Octavio Flores

David Pardo

Randall Dalbey

Troy Kozlowski

Herd Size Distribution

One of the ideas talked about in class was that starting with an equal distribution of cattle in the simulation was unnatural and leads to a strong bias when disasters would occur in the early years versus the later years of the simulation. After running the simulation for 50 years and starting each herd at 70 we got the following results:

Figure 1a: This figure shows the percent of the herds still alive against time for a herd distribution of 70:70. / Figure 1b: This figure shows the percent of herds that died in each decade based on the surviving herd size with a herd distribution of 70:70.

The results from our simulation and the simulation from the Osotua paper are approximately the same. The way we quantified the herd bias was to look at the herd deaths at ten years and twenty years. At the ten year mark 64% of the cattle herds remained. When we look at the twenty year mark only 48% of the herds remained. This is a 16% difference of the herd size dying over ten years. It is pretty clear to see that early disasters are having significant impact on the survival rates of the herds.

Since we discussed in class that starting each herd size at 70 was unnatural. Another part of our project was try out several methods that would generate uneven herd sizes while the mean was still approximately seventy. The first idea our group came up with for generating starting herd sizes was to use a gaussian distribution, with a mean of 70 with a floor of 65 and ceiling of 75. We had to create the artificial floor because it would not make sense to start any herds at or below the death threshold of 64. This then forced us to create the ceiling of 75 in order to maintain the mean 70 cattle. The second idea we had was using a uniformly random distribution with numbers between 65 and 75. The third idea for setting initial herd sizes was to use an exponential generator that would set herd sizes with a minimum of 65 since starting a herd at or below the threshold of 64 was not optimal. We set up the exponential distribution so that the average number of cattle was 70. This exponential allowed for a few herds to begin with up to 120 cattle, while the majority of initial herds were close to the threshold of 64. The exponential model makes the most anthropological sense because it allows for outliers to begin with large herds, but keeps most herds close to the threshold.

Figure 2: This shows the initial distributions for one of the herds over 10,000 trials using the various distributions. The graph was generated using integer increments.

Figure 3a: This shows each comparison of initial distribution over 50 years. The different distributions were: 70-70, uniform random, gaussian, and exponential respectively.

Figure 3b: This shows each comparison of initial distribution focusing on the first 10 years.

We had initially thought that varying the method of initial distributions would affect the bias towards early death that the model showed. But from the figure 3b, this is shown to not be the case. They are almost all identical. From figure 3b it is shown that the different methods have little to no effect on the herds as they reach maturity. This illustrates the the initial distribution has little to no effect on the model as long as the mean of the initial herds remains at 70.

Next we decided to create a generational model of the Osotua scheme. We decided to work from the exponential distributions because they make the most sense from an anthropological perspective. So we took the average of the herd size of dyads that were both alive after 50 years. We then used that average to create an new initial exponential distribution. We repeated this process one more time to create a third generation. We chose each generation to last 50 years because that represents an approximate working lifetime of one rancher.

Figure 4: The generational comparison using the exponential distributions. The time in years vs. percent alvie value of cattle.

Table 1: The summary of the mean initial size of cattle and median longevity for each generation.
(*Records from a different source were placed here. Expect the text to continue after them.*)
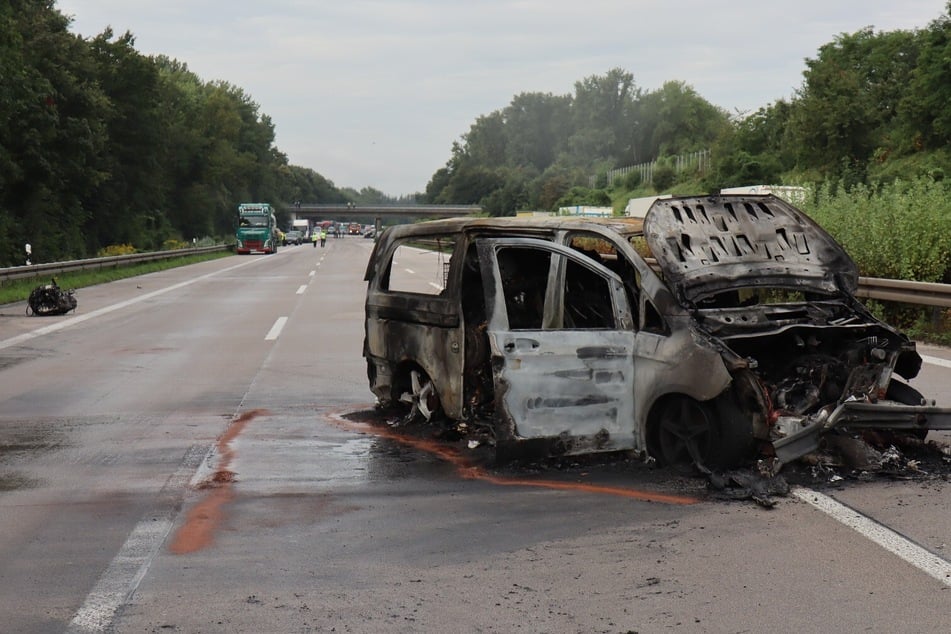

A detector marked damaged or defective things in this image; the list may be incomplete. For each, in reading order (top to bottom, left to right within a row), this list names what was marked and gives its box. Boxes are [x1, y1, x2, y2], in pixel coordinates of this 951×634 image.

burnt hood [644, 194, 860, 304]
crumpled hood panel [644, 195, 860, 304]
burnt-out van [362, 194, 951, 470]
burnt vehicle wheel [398, 368, 442, 422]
scorched road surface [0, 238, 948, 632]
burnt vehicle wheel [656, 398, 712, 472] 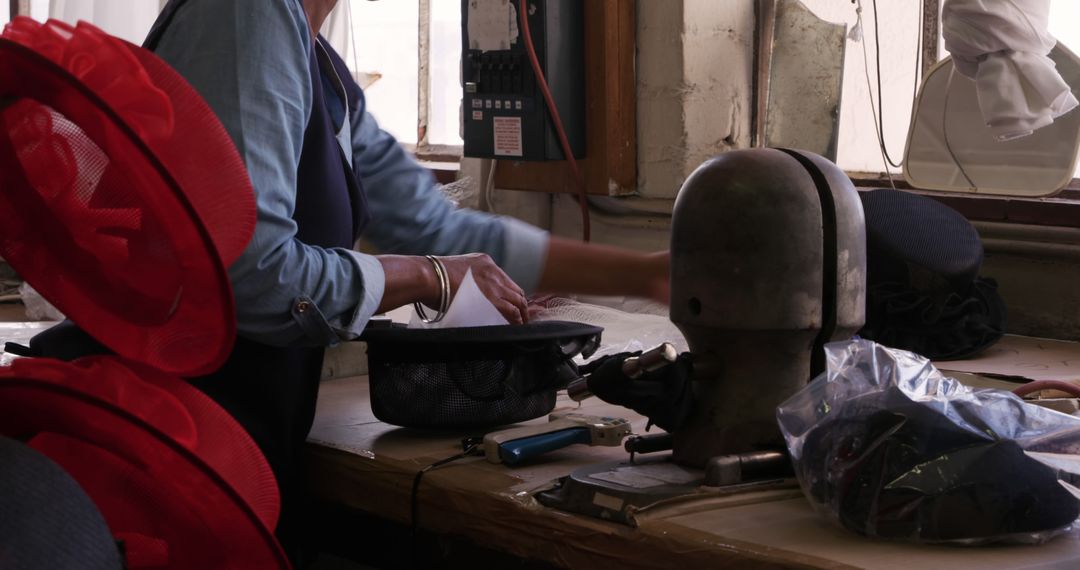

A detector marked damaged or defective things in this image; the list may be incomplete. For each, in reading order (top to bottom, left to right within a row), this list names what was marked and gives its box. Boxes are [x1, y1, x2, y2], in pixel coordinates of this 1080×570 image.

peeling paint wall [635, 0, 756, 199] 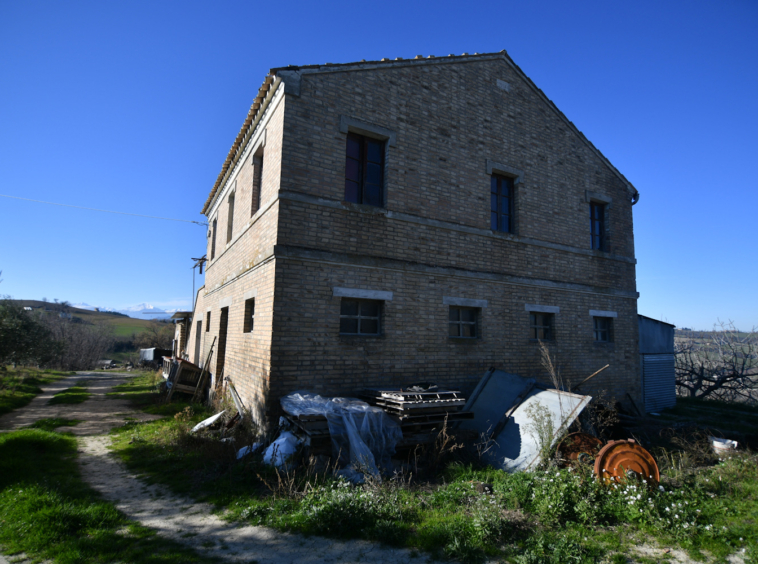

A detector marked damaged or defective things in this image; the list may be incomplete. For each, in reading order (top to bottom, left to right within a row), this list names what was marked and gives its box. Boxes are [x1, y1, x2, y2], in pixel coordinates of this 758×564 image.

rusty metal wheel [556, 432, 604, 468]
rusty metal wheel [592, 438, 660, 482] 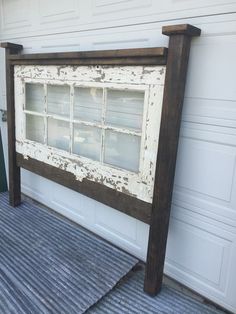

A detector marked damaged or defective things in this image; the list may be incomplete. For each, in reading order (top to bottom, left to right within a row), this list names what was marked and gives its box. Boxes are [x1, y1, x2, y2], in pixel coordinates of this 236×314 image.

white chipped paint frame [14, 64, 166, 202] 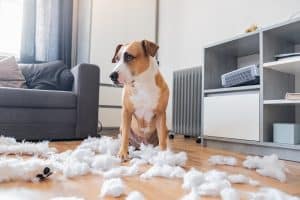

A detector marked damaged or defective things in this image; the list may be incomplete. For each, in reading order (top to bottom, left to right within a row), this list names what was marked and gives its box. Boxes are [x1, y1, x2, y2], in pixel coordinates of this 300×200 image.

torn plush toy [243, 154, 288, 182]
torn plush toy [99, 178, 125, 198] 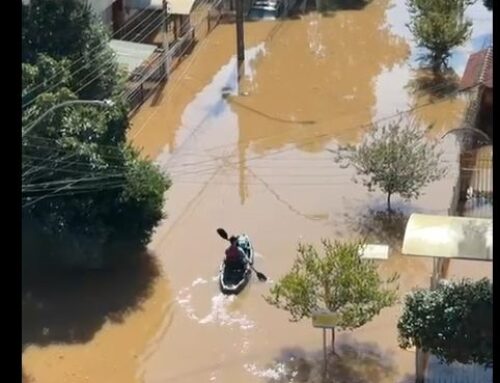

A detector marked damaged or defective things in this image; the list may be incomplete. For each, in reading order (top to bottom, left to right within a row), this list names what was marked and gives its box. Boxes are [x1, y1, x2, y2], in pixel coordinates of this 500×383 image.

rusty metal roof [458, 47, 494, 90]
From these results, we can clearly see from figure 4 that as the generation of the herd increases the herd death rate decreases. The difference from generation 1 to generation 2 is very large. Then from generation 2 to generation 3 there is less pronounced. The rate at which herds die appears to adopt a more linear relationship in the 3rd generation rather than the exponential decay model that the 1st generation clearly displays. This change is likely observed because the average initial herd size has increased significantly, as shown in table 1. Because each herd starts so large, they can retain their own risk for many years without having to bother with an Osotua partner. In addition, it does not make much sense to run the simulation for more generation, because the model stops making realistic sense for the real world situation that the model is based on. Herds that last greater the 150 years would likely outlive multiple generations of the herders that tend to them.
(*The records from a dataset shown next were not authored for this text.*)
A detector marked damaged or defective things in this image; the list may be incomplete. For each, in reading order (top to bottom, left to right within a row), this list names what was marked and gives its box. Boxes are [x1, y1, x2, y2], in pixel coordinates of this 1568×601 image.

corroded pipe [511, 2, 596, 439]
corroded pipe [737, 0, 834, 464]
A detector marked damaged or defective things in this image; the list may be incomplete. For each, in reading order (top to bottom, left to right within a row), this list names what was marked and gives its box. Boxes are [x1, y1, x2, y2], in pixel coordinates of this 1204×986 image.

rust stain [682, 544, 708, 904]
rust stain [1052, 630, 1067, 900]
In conclusion, we found that the early bias for herd death rates did not change over the first 50 years no matter which distribution we used. Our initial thinking that using the exponential distribution was the most realistic method and would reduce the bias. However, it clearly showed not to be the case. Essentially what we determined was it doesn’t matter what distribution is used. As long as the mean was 70 the results were going to be similar. However, the when the mean was changed using our generational model, this significantly affected the longevity of the herds. In addition, increasing the average greatly decreased the bias towards early death that the model showed.